[Image-text web data]
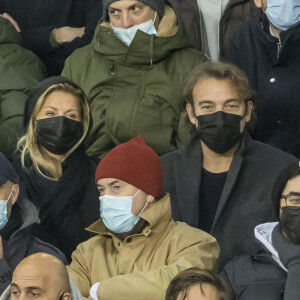 Patrick Puydebat et sa compagne Magali en tribune lors du match de ligue des champions (Champions League) PSG (Paris Saint Germain) conte Bruges 4-1 au Parc des Princes à Paris.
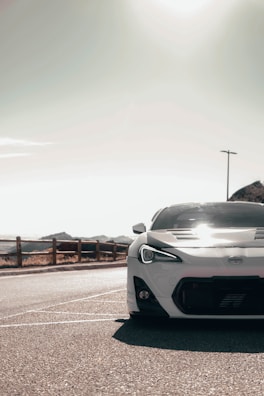 An exotic car gleaming under soft sunlight on a winding mountain road.
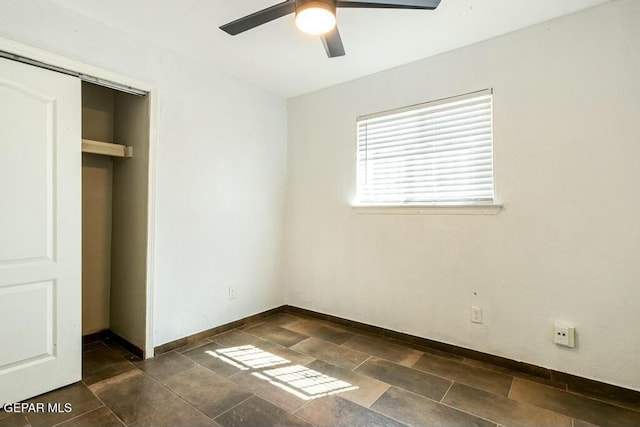 unfurnished bedroom featuring baseboards and ceiling fan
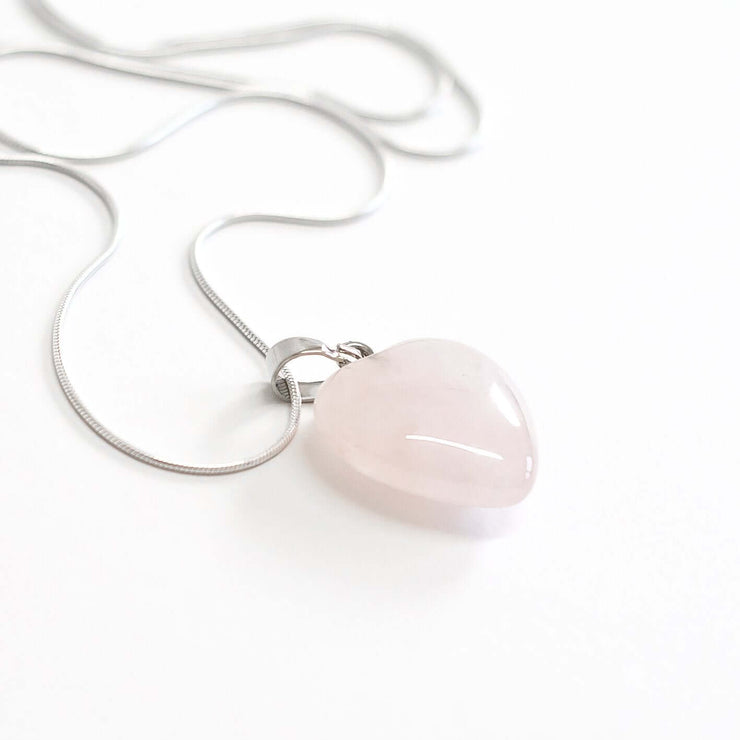 Natural Rose Quartz Love heart pendant with stainless steel snake chain.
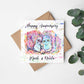 square card with a pair of apes in a colourful watercolour design printed on the front with the text happy anniversary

• _Work order_: Reproduce the records above exactly, excluding every picture.

• _Answer box_:
 Patrick Puydebat et sa compagne Magali en tribune lors du match de ligue des champions (Champions League) PSG (Paris Saint Germain) conte Bruges 4-1 au Parc des Princes à Paris.
 An exotic car gleaming under soft sunlight on a winding mountain road.
 unfurnished bedroom featuring baseboards and ceiling fan
 Natural Rose Quartz Love heart pendant with stainless steel snake chain.
 square card with a pair of apes in a colourful watercolour design printed on the front with the text happy anniversary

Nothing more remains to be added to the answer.